Pyodide (Python in WebAssembly)
Deno (permission-gated JS/TS)
Browser isolates (V8-based, Cloudflare Workers style)

Language Priorities

Tier 1 — Must verify:

Python — dominant agent language, data analysis, scripting, ML
JavaScript/TypeScript — API integrations, web automation, Node.js ecosystem

Tier 2 — Nice to verify but not gate-blocking:

Bash/shell — system automation
SQL — data queries (different execution context)

Rationale: ~95% of agent code execution is Python or JS/TS. The seed should verify the execution capability, not catalog every supported language. An agent that can run Python and get output has code execution ready.

Security Constraints That Matter

Isolation level — Is code sandboxed or running on host? (microVM > gVisor > Docker > bare shell)
Network egress — Can executed code make outbound requests? Is it filtered?
Filesystem scope — Read/write access boundaries. Ephemeral vs persistent.
Resource limits — CPU/memory/time caps to prevent runaway execution
No secrets exposure — Environment variables, API keys not leaked to sandbox
Human approval gates — For destructive or external-facing actions

The seed should NOT prescribe a specific isolation level. It should verify that:

Code runs in some execution environment
The agent can observe output (stdout, stderr, return values)
The agent understands the security boundary it's operating within

Minimal Verification (Contract)

The contract needs to assert a testable world-state. Candidates:

Option A (tight): "a code snippet has executed in an available runtime and produced observable output"

Pro: Concrete, testable, minimal
Con: Doesn't assert security awareness

Option B (with security awareness): "a code snippet has executed in an identified runtime, produced observable output, and the execution environment's constraints are known"

Pro: Forces the agent to reason about what it can/can't do
Con: "constraints are known" is fuzzy

Recommendation: Option A. Keep it atomic. Security awareness is a separate concern (could be a child seed: code.sandbox.constraints or similar).

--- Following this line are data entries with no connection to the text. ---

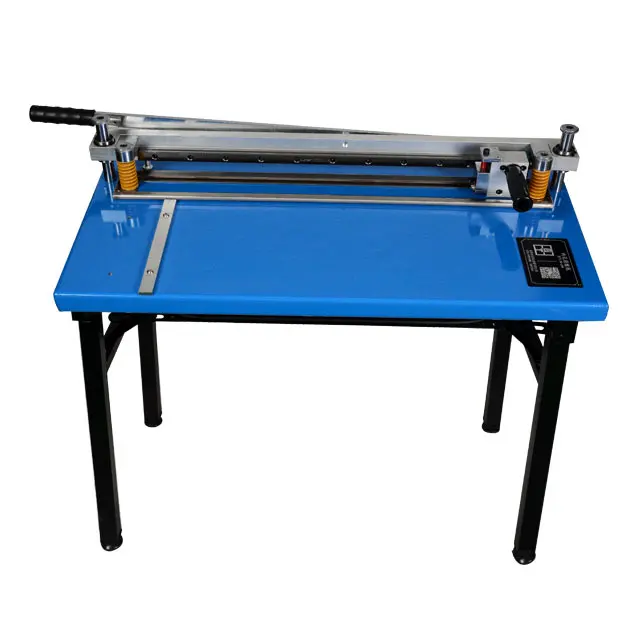 The best sellers Wide use corrugated board rigid box forming making machine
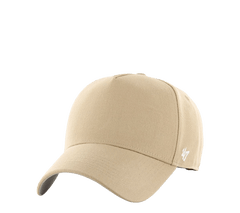 47 Brand Adjustable MVP DT "Blank"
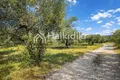 Parcelas 9 205 m² Neos Marmaras, Grecia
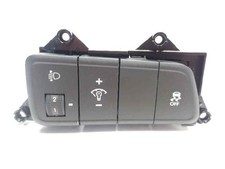 Autoradio Hyundai ELANTRA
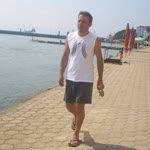 Yusuf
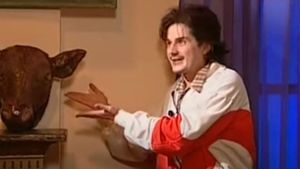 Cum arată acum și din ce își câștigă existența celebrul Frankfurt din Vacanța Mare, la 20 de ani după ce a ieșit din lumina reflectoarelor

What the Prompt Should Cover

Discover the execution method — What tool/API/shell does the agent have access to? (Don't prescribe — discover.)
Run a minimal test — Execute a trivial snippet (e.g., print(1+1) or console.log(1+1)) and observe output
Confirm round-trip — Agent sent code → runtime executed → agent received output
Identify the runtime — What language(s) are available? What's the execution surface? (local shell, cloud sandbox, MCP tool, etc.)

The prompt should be environment-agnostic. It shouldn't say "use E2B" or "open a terminal." It should guide the agent to discover what execution capability exists and verify it works.

Slug Analysis

code.execute.ready ← recommended (3 independent axes, most general)
code.runtime.ready ← slightly more specific to runtime vs just "execute"
code.sandbox.ready ← implies sandboxing, too narrow (not all agents run sandboxed)

Parent/Child Potential

As a root seed, it has no parent. Potential children:

code.sandbox.audit — verify isolation level and constraints
code.data.analysis — use execution for data analysis tasks
code.test.suite — execute and verify test suites
code.install.dependency — install packages in the runtime
code.output.parse — extract structured data from execution output

Open Questions

Multi-language gate? Should the seed force both Python AND JS verification, or is one language sufficient to prove capability?
Security in root or child? Should security constraints be baked into this root or split into a child seed like code.sandbox.audit?
Discovery vs prescription? How environment-agnostic should the prompt be? "Discover your tools" vs "try these common patterns"?